The day after our trip to Hereford held a little more promise: it was still raining, but not quite so enthusiastically and the forecast hinted at a brighter afternoon. In fact that seemed to be materialising as we drove down towards the Neath valley, but when we crossed the border into Wales, the skies opened again and things began to look much less promising.
It was still raining when we arrived at our destination and after a hasty consultation through adjacent car windows, we opted for an in-car picnic, to put off the inevitable. It had slackened off a tad by the time we’d eaten, and gratifyingly, when I offered the kids poking around in some cave entrances and a peek at some waterfalls in the rain they were all keen for the off.

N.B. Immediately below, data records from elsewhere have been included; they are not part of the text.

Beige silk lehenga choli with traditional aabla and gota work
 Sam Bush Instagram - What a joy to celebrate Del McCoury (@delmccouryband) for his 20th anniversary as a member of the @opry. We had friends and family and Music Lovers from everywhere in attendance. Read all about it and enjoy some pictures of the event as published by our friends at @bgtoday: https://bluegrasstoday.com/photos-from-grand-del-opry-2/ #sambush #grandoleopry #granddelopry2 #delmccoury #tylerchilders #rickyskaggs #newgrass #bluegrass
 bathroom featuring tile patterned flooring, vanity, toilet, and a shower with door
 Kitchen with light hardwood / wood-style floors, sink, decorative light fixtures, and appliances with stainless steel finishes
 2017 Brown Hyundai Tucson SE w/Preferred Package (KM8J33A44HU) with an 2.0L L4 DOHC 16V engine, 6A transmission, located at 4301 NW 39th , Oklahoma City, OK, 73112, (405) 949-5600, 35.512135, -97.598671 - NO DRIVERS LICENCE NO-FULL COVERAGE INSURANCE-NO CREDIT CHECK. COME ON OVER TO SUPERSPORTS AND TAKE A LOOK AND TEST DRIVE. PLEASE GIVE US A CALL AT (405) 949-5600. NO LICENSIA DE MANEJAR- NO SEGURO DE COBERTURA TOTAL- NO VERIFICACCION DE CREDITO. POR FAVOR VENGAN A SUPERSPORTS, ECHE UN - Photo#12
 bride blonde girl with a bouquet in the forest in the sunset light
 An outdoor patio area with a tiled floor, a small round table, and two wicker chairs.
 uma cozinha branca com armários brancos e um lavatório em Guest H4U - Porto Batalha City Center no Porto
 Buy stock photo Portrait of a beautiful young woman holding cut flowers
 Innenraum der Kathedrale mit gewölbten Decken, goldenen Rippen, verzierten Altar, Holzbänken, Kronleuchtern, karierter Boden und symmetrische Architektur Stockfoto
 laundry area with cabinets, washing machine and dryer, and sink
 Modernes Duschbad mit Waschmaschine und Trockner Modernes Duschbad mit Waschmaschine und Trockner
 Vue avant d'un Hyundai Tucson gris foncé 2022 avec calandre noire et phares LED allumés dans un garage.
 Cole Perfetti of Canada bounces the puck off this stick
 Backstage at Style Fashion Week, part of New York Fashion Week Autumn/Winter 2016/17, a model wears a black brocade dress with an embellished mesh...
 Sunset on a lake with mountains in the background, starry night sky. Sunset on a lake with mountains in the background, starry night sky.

The mouth of the Porth-yr-Ogof caves, where the Afon Mellte flows underground is just by the car park. B looked downriver in bemusement: “Well, we’re not going in there today, unless we want to kill ourselves.”
A path leads past several more cave openings, each of them full of roiling brown water.
Where the water leaves the caves, there is apparently a ‘blue pool’. Not today; just a raging brown swell. A pair of dippers repeatedly flew in and out of the roof of the cave. I would guess that they had a nest there for which they would be understandably afraid.
In slightly less wild sections of the river, swallows and martins were skimming low over the water. It was hard to imagine that their insect prey would want to be airborne on this cold and soggy day.
Extra excitement was added to our progress down the valley, because each side-stream presented a challenge. Andy and I both got wet feet standing in them in our perhaps inappropriate trail shoes to hand across the children.
Sgwd Clun Gwyn
This is an overused expression, but the waterfalls were awe-inspiring. As you can imagine, the noise was phenomenal. Beyond the first fall the path follows a course high above the river and eventually above the second fall. I was glad that Andy was there to share in the shepherding of B and S, who sometimes appear to have an under-developed regard for their own safety.
We were able to double back below the cliffs to the base of the second fall….
Sgwd Isaf Clun Gwyn
Nobody was attempting to pass behind the waterfall!
A nonchalant pose.
By this point little S had had enough. Time to turn back – but we had made the most of a pretty shoddy day. I don’t think any of us is liable to forget it.